The city has no current plans to replace downtown coin-operated parking boxes. (Photo by Lisa Phu/KTOO)
The city has no current plans to replace the downtown coin-operated parking boxes. (Photo by Lisa Phu/KTOO)

Juneau city manager Kim Kiefer does not expect a resolution anytime soon in the city’s lawsuit with Nevada company Aparc Systems over faulty parking machines.

“We’re in the collection of all the information piece right now, and so I don’t anticipate, if it goes to court, it probably won’t go to court until mid to latter part of next year is my guess at this point,” Kiefer says.

The city terminated the contract with Aparc Systems last December and initiated a lawsuit after the city invested nearly a half million dollars in the problematic parking system. The Juneau Assembly approved $110,000 for legal fees to outside counsel for the litigation, and so far, about a third has been spent.

Kiefer says the low-tech coin-operated boxes for hourly parking are working. Motorists are paying 75 cents an hour to park in three downtown parking lots. The city still offers two free hours of street parking.

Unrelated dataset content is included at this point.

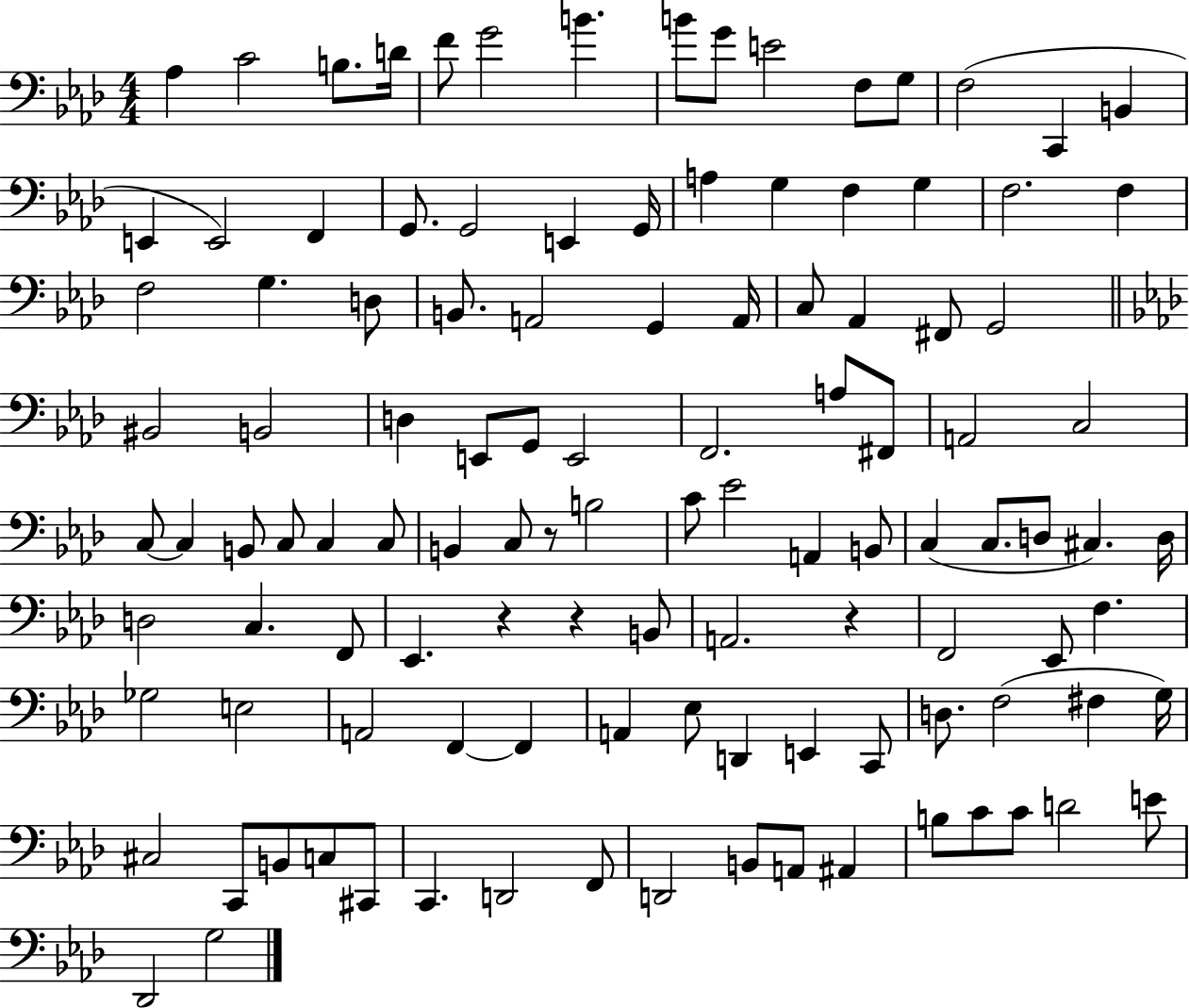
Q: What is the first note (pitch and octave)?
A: Ab3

“The piece that we’ve lost now with the Aparc system not in place is that before people could go onstreet, they’d register their car and if they knew they were going to be there for more than two hours, then they could go ahead, pay that amount for an extra hour and pay it right then and have it taken care of. Or, maybe they’re shopping and realize, ‘Oh, it’s going to be longer than what I thought,’ they could have gone to any of those kiosks and put more money into in. So that’s the piece we don’t have now,” Kiefer explains.

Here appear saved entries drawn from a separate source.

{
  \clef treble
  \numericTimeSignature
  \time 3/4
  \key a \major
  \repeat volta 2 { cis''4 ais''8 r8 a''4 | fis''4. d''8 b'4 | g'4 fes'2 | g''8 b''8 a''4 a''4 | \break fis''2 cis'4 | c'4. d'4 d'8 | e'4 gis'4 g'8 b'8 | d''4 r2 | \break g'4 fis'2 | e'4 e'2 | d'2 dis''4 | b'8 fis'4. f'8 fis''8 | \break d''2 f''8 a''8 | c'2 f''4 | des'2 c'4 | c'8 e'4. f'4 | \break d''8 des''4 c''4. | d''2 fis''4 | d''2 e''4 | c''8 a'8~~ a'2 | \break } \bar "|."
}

The coin boxes were intended to be a temporary fix, but Keifer says the city has not determined a permanent parking system solution.

“Given that we had a $6 million budget deficit this last year and we have a $9 million budget deficit next year, that’s taken a back burner at this point,” she says.

Keifer anticipates a new system will cost the city at least $500,000.

Meanwhile, she says the Downtown Transportation Center and the Marine Parking Garage are heavily used. Both have waitlists for permit parking spots.